● Task instructions
Images excluded, reproduce each line of the records exactly as it stands.

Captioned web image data
________________________________________
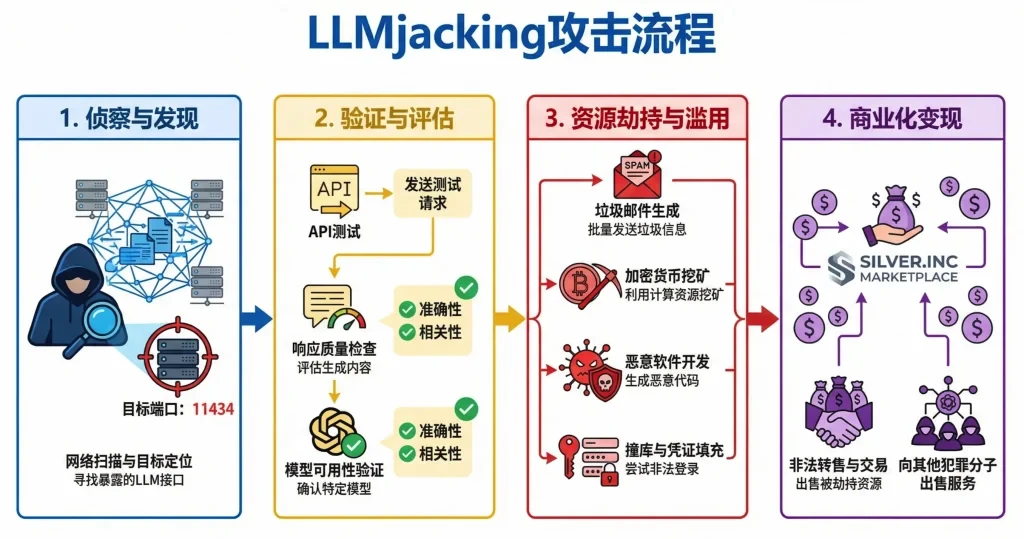 AI供应链安全：全球Ollama框架实例约17.5万个攻击面深度分析报告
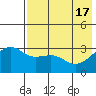 Gareloi Island tide chart for Friday, May 17, 2024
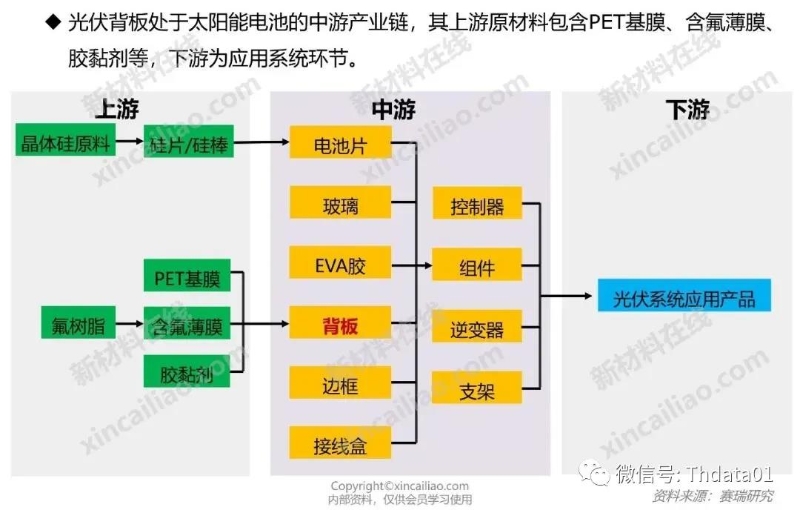 新能源產(chǎn)業(yè)鏈全景圖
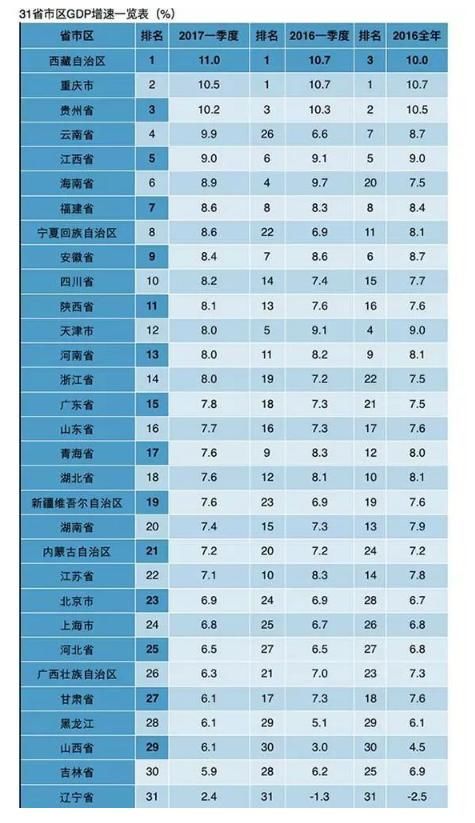 速速来看2017年全国各省市直辖区GDP数据，全国首次突破80万亿！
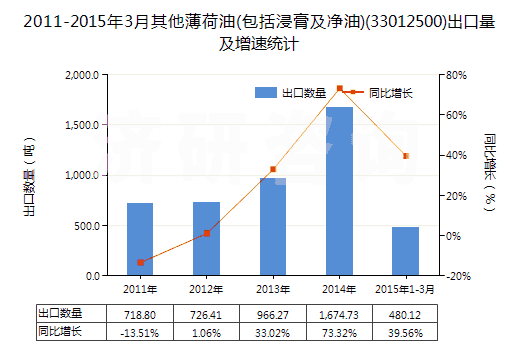 2011-2015年3月其他薄荷油(包括浸膏及凈油)(33012500)出口量及增速統(tǒng)計 2011-2015年3月其他薄荷油(包括浸膏及凈油)(33012500)出口量及增速統(tǒng)計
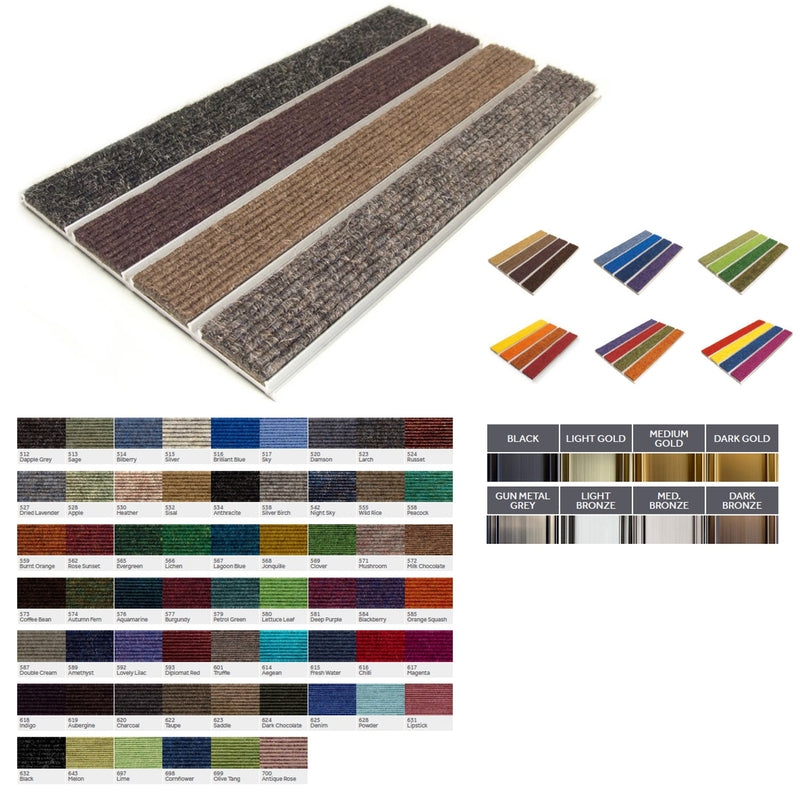 Kleen-Fit Guard Eco -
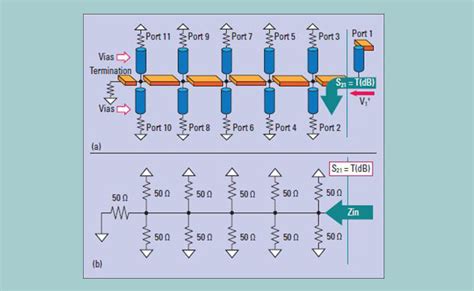 What To Expect In A Multi Drop Bus Signal Integrity Journal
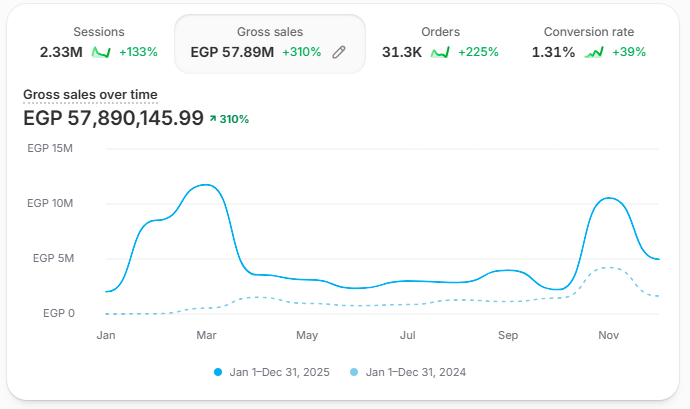 Shopify dashboard — EGP 57.89M gross sales, +310%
________________________________________
● Solution for this exercise
 AI供应链安全：全球Ollama框架实例约17.5万个攻击面深度分析报告
 Gareloi Island tide chart for Friday, May 17, 2024
 新能源產(chǎn)業(yè)鏈全景圖
 速速来看2017年全国各省市直辖区GDP数据，全国首次突破80万亿！
 2011-2015年3月其他薄荷油(包括浸膏及凈油)(33012500)出口量及增速統(tǒng)計 2011-2015年3月其他薄荷油(包括浸膏及凈油)(33012500)出口量及增速統(tǒng)計
 Kleen-Fit Guard Eco -
 What To Expect In A Multi Drop Bus Signal Integrity Journal
 Shopify dashboard — EGP 57.89M gross sales, +310%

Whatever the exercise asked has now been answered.